[Stored items from a collection]
^^^^^^^^^^^^^^^^

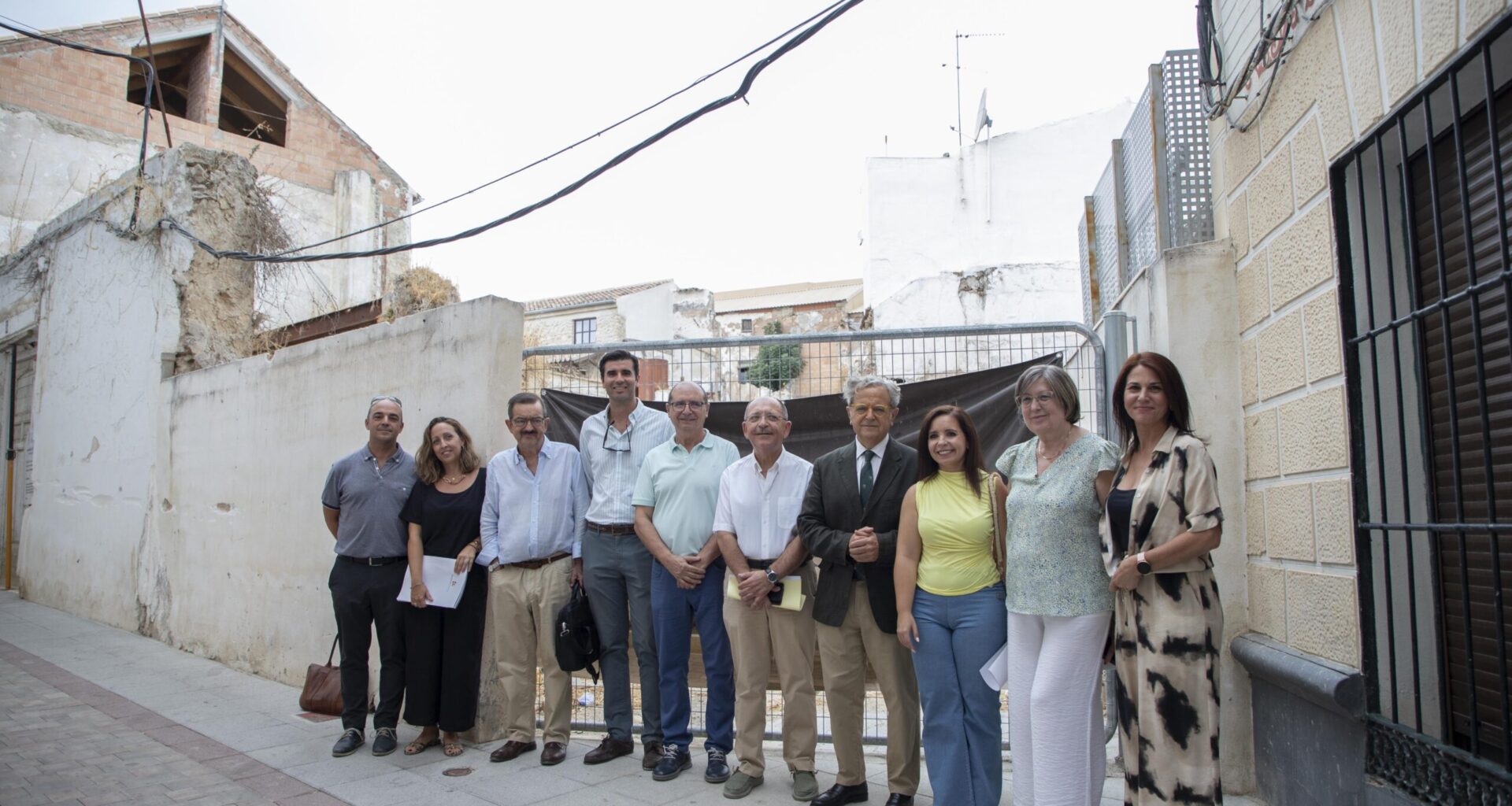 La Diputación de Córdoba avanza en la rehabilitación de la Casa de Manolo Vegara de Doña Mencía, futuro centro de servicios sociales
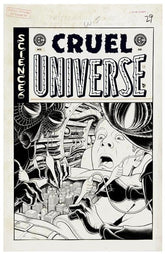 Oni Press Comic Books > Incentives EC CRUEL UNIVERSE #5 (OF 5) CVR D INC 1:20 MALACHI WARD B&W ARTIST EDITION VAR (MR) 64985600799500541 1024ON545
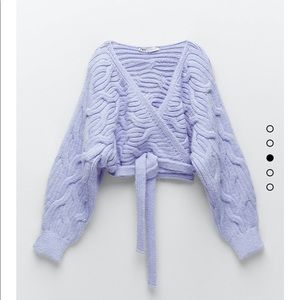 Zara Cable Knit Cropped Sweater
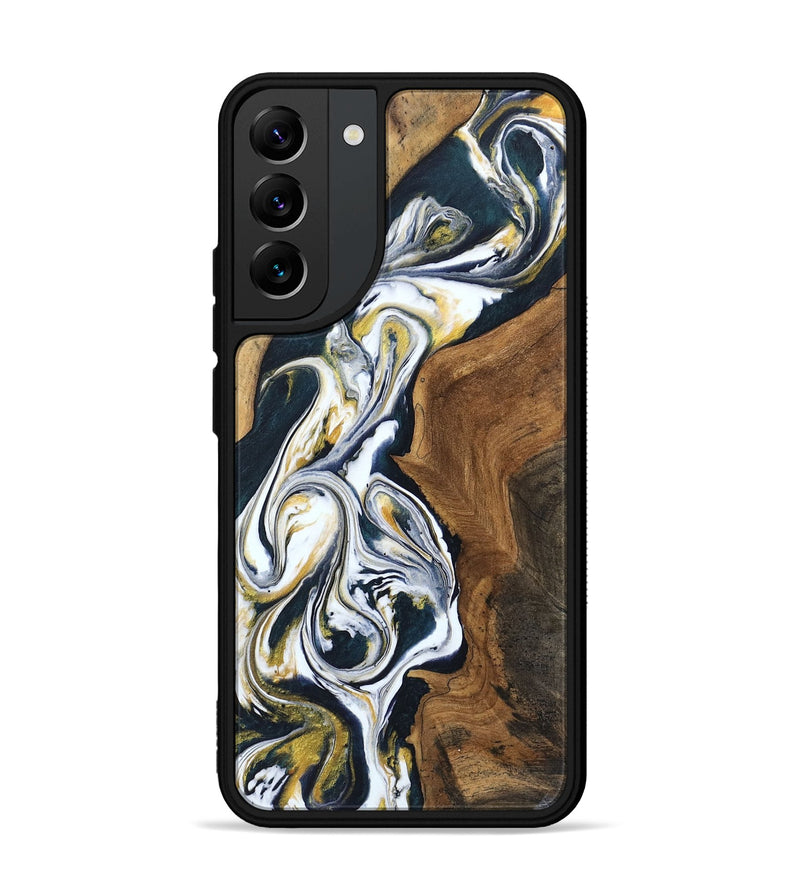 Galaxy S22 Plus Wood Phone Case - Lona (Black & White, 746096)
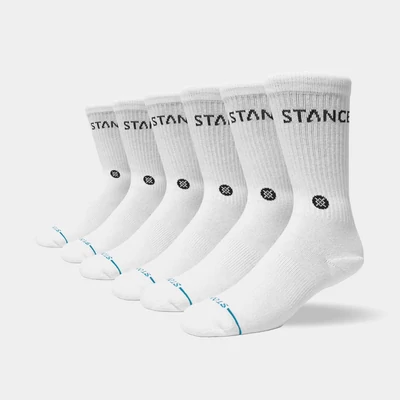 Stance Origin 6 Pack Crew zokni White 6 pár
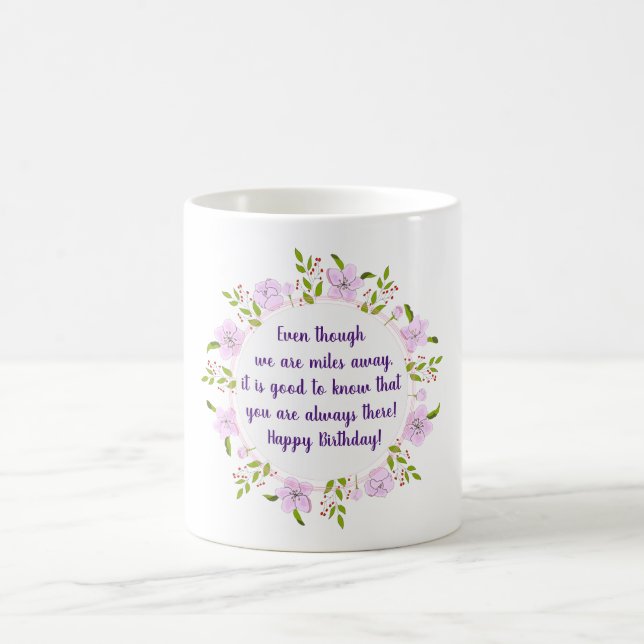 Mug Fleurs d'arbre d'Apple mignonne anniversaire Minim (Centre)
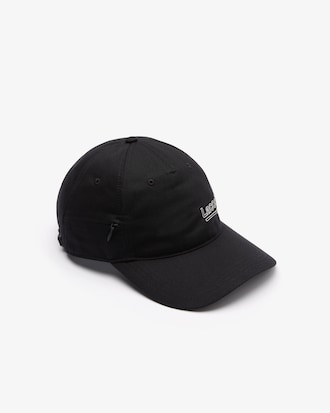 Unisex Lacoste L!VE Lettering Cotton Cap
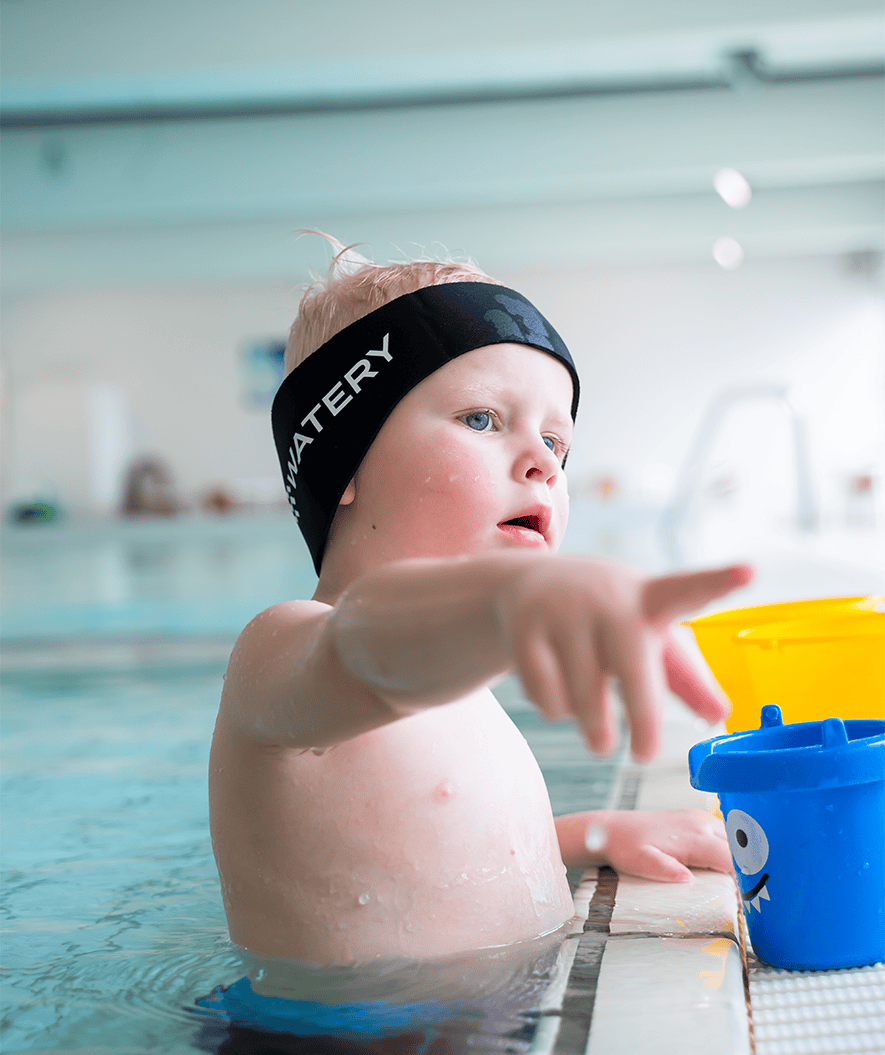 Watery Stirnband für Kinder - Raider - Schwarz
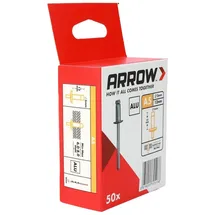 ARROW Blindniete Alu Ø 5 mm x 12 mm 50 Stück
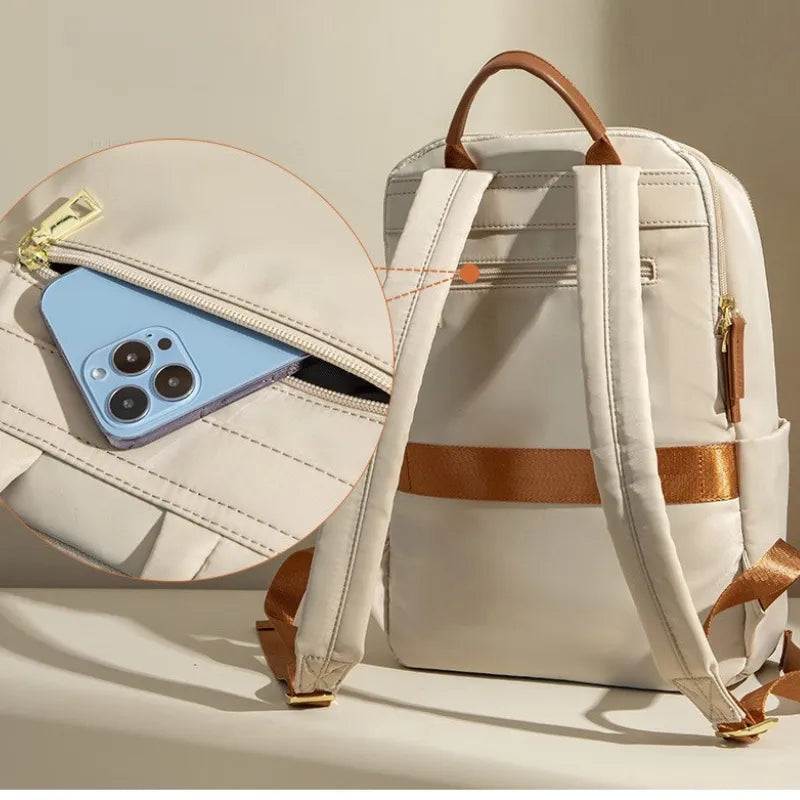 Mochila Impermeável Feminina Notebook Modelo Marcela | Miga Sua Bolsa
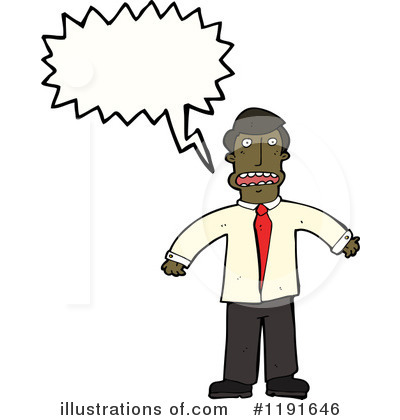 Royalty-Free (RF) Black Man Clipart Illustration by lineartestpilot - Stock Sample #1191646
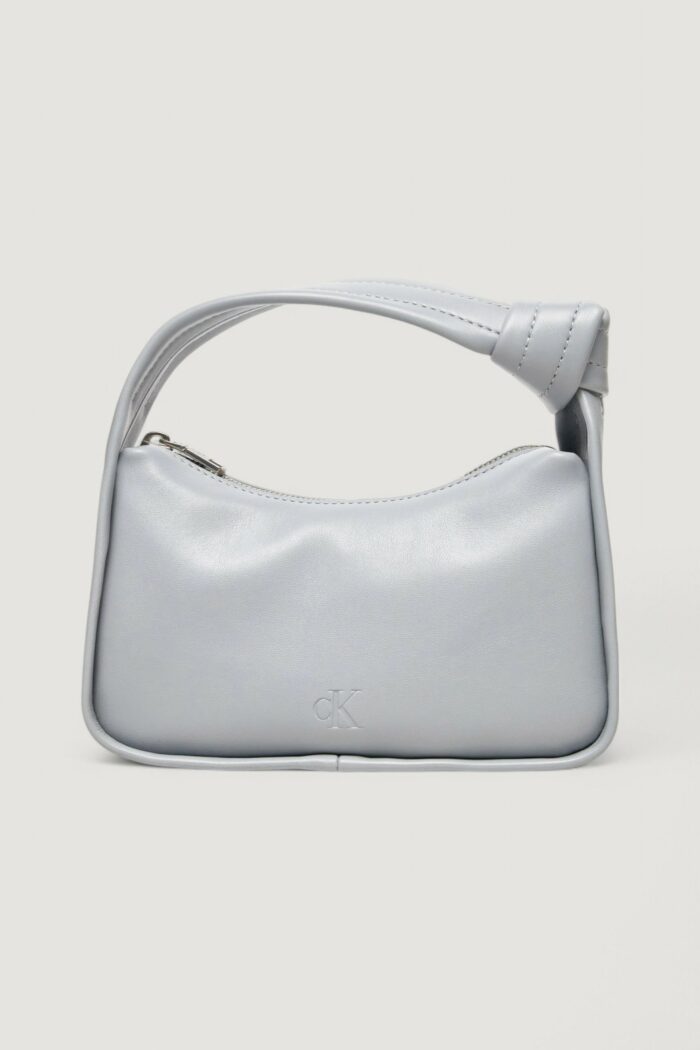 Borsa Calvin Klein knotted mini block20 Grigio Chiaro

^^^^^^^^^^^^^^^^

> _WHAT YOU HAVE TO DO_:
What is needed is an exact copy of all the entries above, minus the pictures.

> _REPLY_:
 La Diputación de Córdoba avanza en la rehabilitación de la Casa de Manolo Vegara de Doña Mencía, futuro centro de servicios sociales
 Oni Press Comic Books > Incentives EC CRUEL UNIVERSE #5 (OF 5) CVR D INC 1:20 MALACHI WARD B&W ARTIST EDITION VAR (MR) 64985600799500541 1024ON545
 Zara Cable Knit Cropped Sweater
 Galaxy S22 Plus Wood Phone Case - Lona (Black & White, 746096)
 Stance Origin 6 Pack Crew zokni White 6 pár
 Mug Fleurs d'arbre d'Apple mignonne anniversaire Minim (Centre)
 Unisex Lacoste L!VE Lettering Cotton Cap
 Watery Stirnband für Kinder - Raider - Schwarz
 ARROW Blindniete Alu Ø 5 mm x 12 mm 50 Stück
 Mochila Impermeável Feminina Notebook Modelo Marcela | Miga Sua Bolsa
 Royalty-Free (RF) Black Man Clipart Illustration by lineartestpilot - Stock Sample #1191646
 Borsa Calvin Klein knotted mini block20 Grigio Chiaro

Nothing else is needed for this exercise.